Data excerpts
===

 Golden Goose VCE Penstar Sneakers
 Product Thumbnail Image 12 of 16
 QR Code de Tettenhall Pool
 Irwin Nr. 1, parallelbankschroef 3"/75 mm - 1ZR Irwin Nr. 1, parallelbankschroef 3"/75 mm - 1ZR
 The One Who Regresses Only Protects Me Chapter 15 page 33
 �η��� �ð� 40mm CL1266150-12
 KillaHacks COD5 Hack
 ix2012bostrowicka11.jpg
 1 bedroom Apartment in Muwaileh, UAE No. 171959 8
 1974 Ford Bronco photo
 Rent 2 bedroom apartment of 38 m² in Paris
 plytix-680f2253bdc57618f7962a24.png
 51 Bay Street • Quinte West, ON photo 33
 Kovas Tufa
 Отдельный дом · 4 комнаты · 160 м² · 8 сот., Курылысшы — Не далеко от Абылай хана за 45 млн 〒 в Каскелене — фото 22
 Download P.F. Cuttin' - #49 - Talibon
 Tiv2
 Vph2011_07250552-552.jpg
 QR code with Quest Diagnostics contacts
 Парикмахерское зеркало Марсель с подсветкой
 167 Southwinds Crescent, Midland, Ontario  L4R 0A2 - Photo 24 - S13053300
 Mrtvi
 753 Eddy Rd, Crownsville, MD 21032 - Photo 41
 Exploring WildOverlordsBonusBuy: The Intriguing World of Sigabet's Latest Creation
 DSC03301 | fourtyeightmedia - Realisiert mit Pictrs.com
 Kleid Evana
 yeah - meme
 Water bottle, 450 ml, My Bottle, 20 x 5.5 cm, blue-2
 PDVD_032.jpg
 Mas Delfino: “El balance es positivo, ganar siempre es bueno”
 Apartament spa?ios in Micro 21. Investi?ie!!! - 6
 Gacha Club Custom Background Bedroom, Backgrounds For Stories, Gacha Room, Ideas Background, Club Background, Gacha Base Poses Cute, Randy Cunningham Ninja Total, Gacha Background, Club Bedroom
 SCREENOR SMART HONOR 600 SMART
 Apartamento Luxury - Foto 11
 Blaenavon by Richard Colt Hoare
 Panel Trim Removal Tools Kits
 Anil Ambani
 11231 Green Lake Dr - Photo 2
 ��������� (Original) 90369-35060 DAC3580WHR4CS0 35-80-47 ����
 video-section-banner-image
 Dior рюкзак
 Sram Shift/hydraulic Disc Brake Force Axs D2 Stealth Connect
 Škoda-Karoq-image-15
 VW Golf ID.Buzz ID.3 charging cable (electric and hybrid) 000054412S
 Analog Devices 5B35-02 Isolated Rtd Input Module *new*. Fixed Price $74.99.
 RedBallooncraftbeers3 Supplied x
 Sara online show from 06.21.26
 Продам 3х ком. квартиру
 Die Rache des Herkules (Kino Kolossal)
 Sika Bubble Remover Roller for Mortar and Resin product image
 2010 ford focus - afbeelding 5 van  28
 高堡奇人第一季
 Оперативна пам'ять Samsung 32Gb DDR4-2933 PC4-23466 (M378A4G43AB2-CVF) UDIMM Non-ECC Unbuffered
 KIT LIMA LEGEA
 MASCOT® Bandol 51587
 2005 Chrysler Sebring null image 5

===

EXERCISE PROMPT: Quote, word for word, every line from the top of the entries through the line that holds "Apartament spa?ios in".

ANSWER TO THIS EXERCISE:
 Golden Goose VCE Penstar Sneakers
 Product Thumbnail Image 12 of 16
 QR Code de Tettenhall Pool
 Irwin Nr. 1, parallelbankschroef 3"/75 mm - 1ZR Irwin Nr. 1, parallelbankschroef 3"/75 mm - 1ZR
 The One Who Regresses Only Protects Me Chapter 15 page 33
 �η��� �ð� 40mm CL1266150-12
 KillaHacks COD5 Hack
 ix2012bostrowicka11.jpg
 1 bedroom Apartment in Muwaileh, UAE No. 171959 8
 1974 Ford Bronco photo
 Rent 2 bedroom apartment of 38 m² in Paris
 plytix-680f2253bdc57618f7962a24.png
 51 Bay Street • Quinte West, ON photo 33
 Kovas Tufa
 Отдельный дом · 4 комнаты · 160 м² · 8 сот., Курылысшы — Не далеко от Абылай хана за 45 млн 〒 в Каскелене — фото 22
 Download P.F. Cuttin' - #49 - Talibon
 Tiv2
 Vph2011_07250552-552.jpg
 QR code with Quest Diagnostics contacts
 Парикмахерское зеркало Марсель с подсветкой
 167 Southwinds Crescent, Midland, Ontario  L4R 0A2 - Photo 24 - S13053300
 Mrtvi
 753 Eddy Rd, Crownsville, MD 21032 - Photo 41
 Exploring WildOverlordsBonusBuy: The Intriguing World of Sigabet's Latest Creation
 DSC03301 | fourtyeightmedia - Realisiert mit Pictrs.com
 Kleid Evana
 yeah - meme
 Water bottle, 450 ml, My Bottle, 20 x 5.5 cm, blue-2
 PDVD_032.jpg
 Mas Delfino: “El balance es positivo, ganar siempre es bueno”
 Apartament spa?ios in Micro 21. Investi?ie!!! - 6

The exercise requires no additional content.